Raw data:
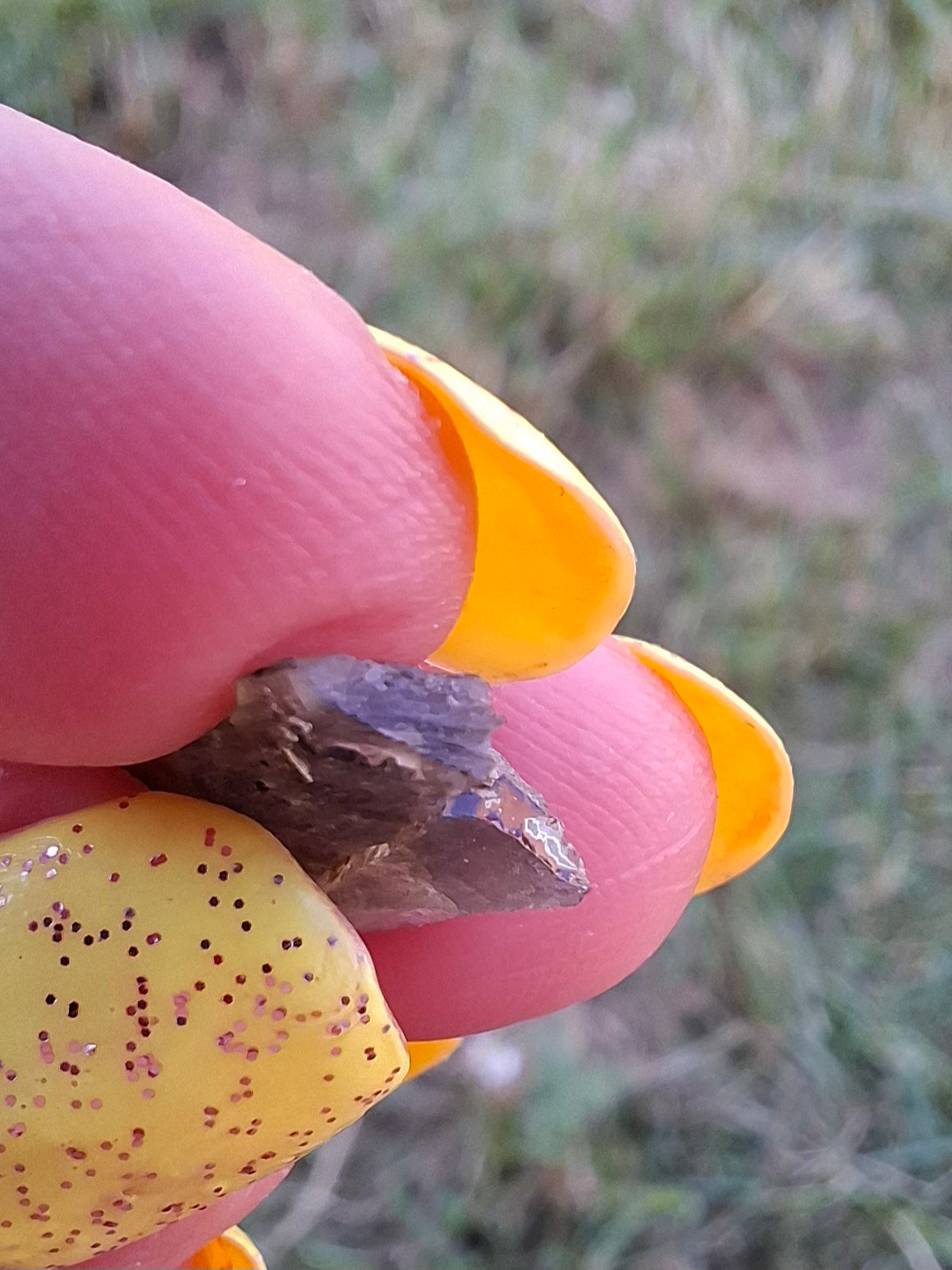 Moldavite Piece, 0.75g, Tektite (Ref: 1483)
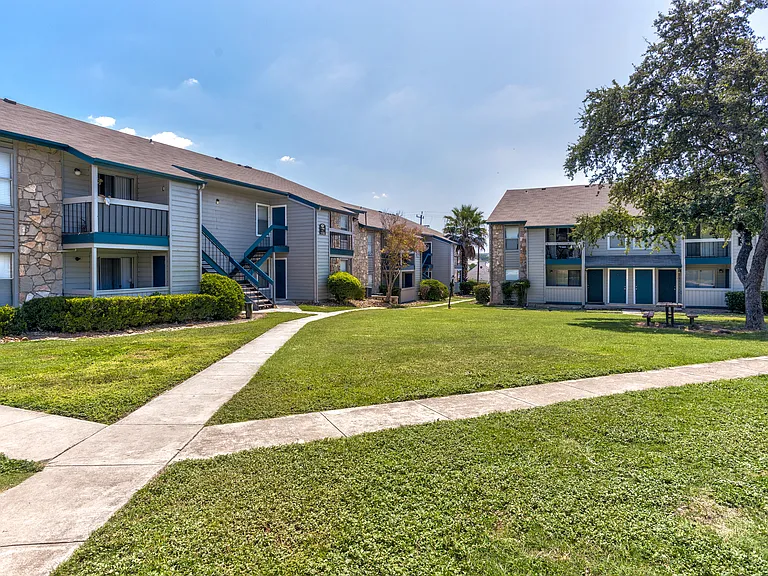 The Hills on Huebner — Photo 41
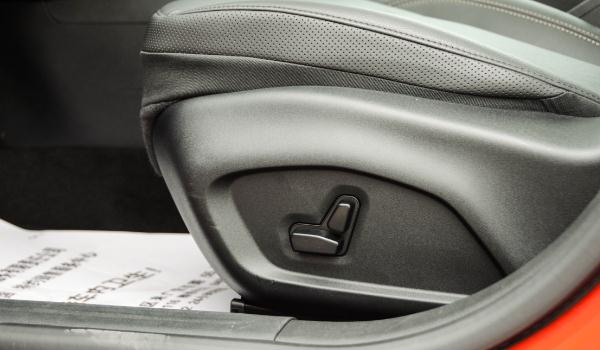 什么是座椅電動調節，更加精準舒適（比手動更實用）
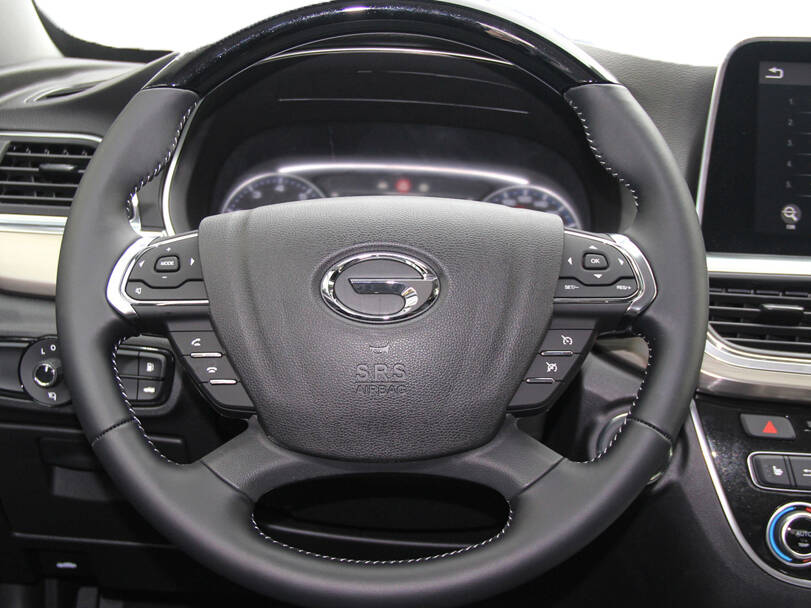 جي إيه سي GA8 الجيل الأول الداخلية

What the task requires: Omit the pictures, then output the rest of the listing exactly.

Answer section:
 Moldavite Piece, 0.75g, Tektite (Ref: 1483)
 The Hills on Huebner — Photo 41
 什么是座椅電動調節，更加精準舒適（比手動更實用）
 جي إيه سي GA8 الجيل الأول الداخلية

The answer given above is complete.